Throughout the show, Johns continues to experiment with materials and the compositions of his pieces. Further into the exhibition, three works hang on different walls of the gallery’s central office area. In one, a pastel drawing on paper, the cross hatching is obliterated in the top panel. Another oil on canvas features what appear to be renderings of smaller paintings superimposed over the work’s right side. One detail that stands out is the representation of stamped rings of paint that appear more emphatically on a later, larger work in the exhibition. While the meanings of these marks are not immediately clear, Johns's historical references are more direct. All three works in the central office are titled Between the Clock and the Bed, a reference to the 1940–43 painting Self-Portrait Between the Clock and the Bed by Edvard Munch, which features a portrait of the artist standing between a grandfather clock and a bed with a crosshatched quilt—a clear parallel of Johns’s preferred compositional format
Munch is not the only connection between the deceptively formalist works on view here and the canon of art history.
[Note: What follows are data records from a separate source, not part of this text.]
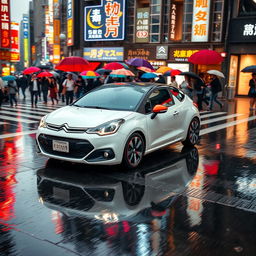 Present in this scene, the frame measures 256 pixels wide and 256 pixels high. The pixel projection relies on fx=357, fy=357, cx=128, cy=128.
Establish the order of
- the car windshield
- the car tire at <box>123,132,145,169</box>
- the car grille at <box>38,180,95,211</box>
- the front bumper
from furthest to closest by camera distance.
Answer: the car windshield, the car tire at <box>123,132,145,169</box>, the front bumper, the car grille at <box>38,180,95,211</box>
The gallery’s back room contains three pieces from Johns’s “Corpse and Mirror” (1974-75) series, whose title can be tied both to the Surrealist game Exquisite Corpse and, more abstractly, to Duchamp’s The Bride Stripped Bare by Her Bachelors, Even (The Large Glass) (1915–1923). This connection is clearest in Corpse and Mirror II (1974–75), which anchors the back wall. Consisting of four joined and framed canvases, this work uses a harmonious rotation of yellow, red, and blue hash marks, with paint extending over the edges of the conjoined canvases and into the rim of the frame, dripping in places—a bodily messiness. Indeed, in the catalogue for Johns’s 1986 print retrospective at the Museum of Modern Art, curator Riva Castleman makes argues convincingly that in his drips “Johns might have been pursuing Duchamp's idea of shooting paint-covered matches... to emulate the ejaculations of the ‘bachelors.’”3
Corpse and Mirror II functions as a coda to the exhibition, which began, recall, with the sexualized marginalia of Dancers on a Plane. In between these two works, Gund has presented pieces dealing with death, transformation, and rebirth, all tethered to the same repeating motif of crosshatching. Taken as a whole, the exhibition belies Johns’s initial impulse to produce images that function as “simple mathematical variations.” There is nothing simple about the lines that form the connective tissue of these works.
- Quoted in E.J. Sozanski, “The Lure of the Impossible," in Jasper Johns: Interviews and Writings (New York: Harry N. Abrams, Inc., 1996), 224-226.
- Martin, Katrina, dir. and prod. Hanafuda / Jasper Johns (film of artist working on silkscreens at Simca Print Artists). 1980. 33 min.
- Riva Castleman, Jasper Johns: a print retrospective. (New York: Museum of Modern Art, 1986), 31.